There was a diverse artistic response from artists in their representation of grief. For example, artists like the British painter, Louisa Starr Canziani (1845 – 1909), chose a realistic approach to depicting grief, as can be seen in her painting War News, 1900, which was painted during the Second Anglo-Boer War. The scene depicted creates the immediate impression that Canziani, while passing, just happens to chance upon a woman lost in her moment of grief.

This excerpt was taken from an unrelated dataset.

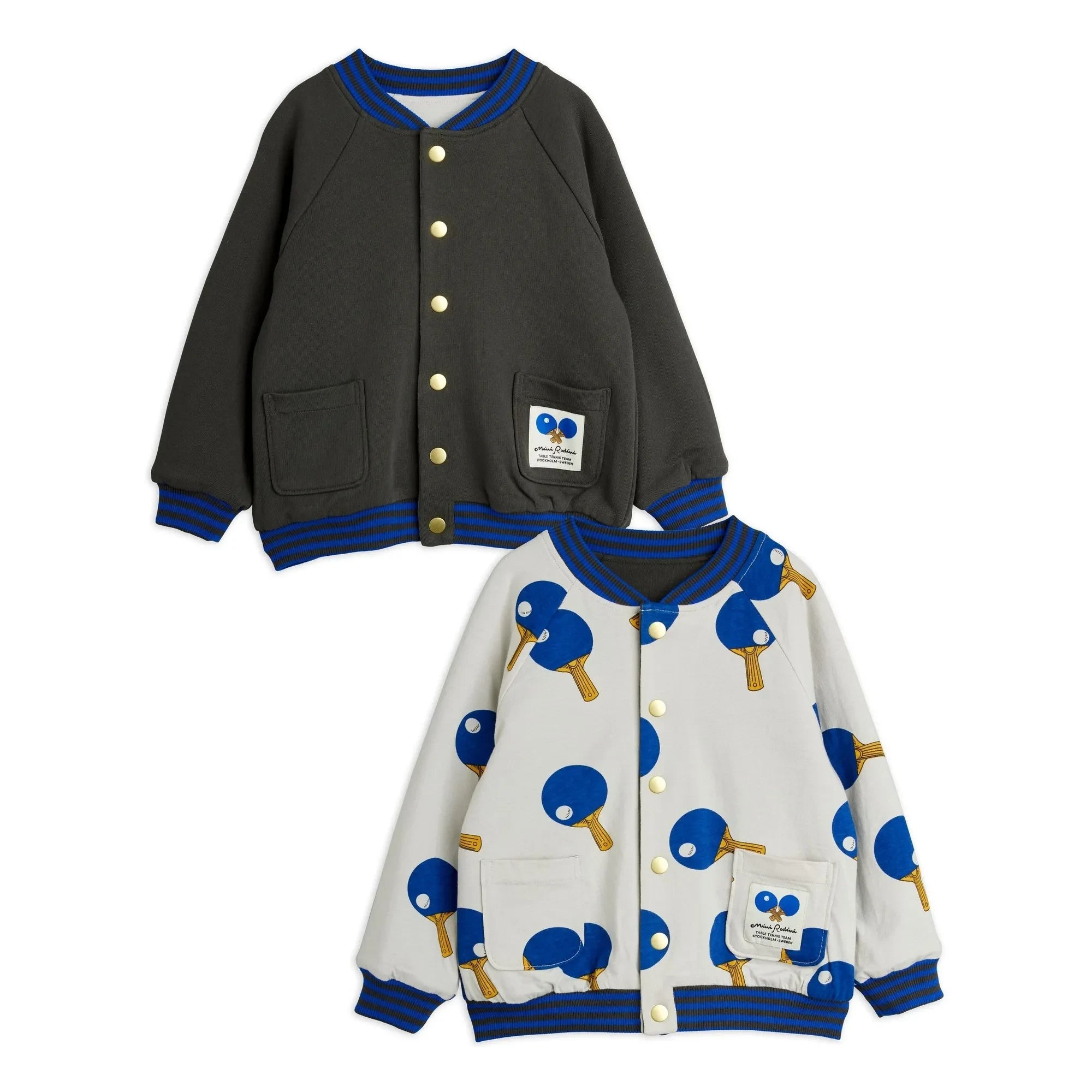 Mini Rodini - Chaleco Ping Pong reversible de algodón orgánico | Gris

Louisa Starr Canziani, War News, 1900, oil on canvas, Leighton House, Museum, 118.5 cm x 90.5 cm
In this painting an elderly man, possibly the young woman’s father is comforting her, in the street, seemingly lost for words. She holds her head in tears. The man is holding a newspaper, which may contain the most recent news of the casualties of the war. They are sitting on what appear to bechurch steps, with a closed church door behind them. The light suggests early morning, and that they are waiting for these church doors to open. These elements allude to the importance of religion, and how it offered necessary consolation in grief.
However, Evelyn De Morgan’s (1855 – 1919) takes a very different creative approach, in her painting Pro Patria Mori, c. 1914 -18. It is a Symbolist painting, in which De Morgan’s and society’s interest in Spiritualism is very apparent. Due to the immense death toll during the First World War, the British Government had made the decision not to repatriate the bodies of the fallen soldiers. This prevented traditional mourning and burial practices, and in turn heightened society’s belief in Spiritualism, the resurrection and immortality of the soul.
Pro Patria Mori, c.1914-1918, pastel on board, photography (original destroyed in fire in 1991) De Morgan Collection
In this painting we see the mother and wife of a fallen soldier. They are mourning by his graveside. The grief of the older woman is palpable. In utter despair, she has collapsed onto the grave and is clinging onto the cross. Whereas, the younger woman is looking upwards with outstretched hands towards the resurrected spirit of her beloved husband, who is being embraced by an angel. This all symbolises the Spiritualist belief in spiritual redemption, and underscores the belief in hope and faith, to overcome loss.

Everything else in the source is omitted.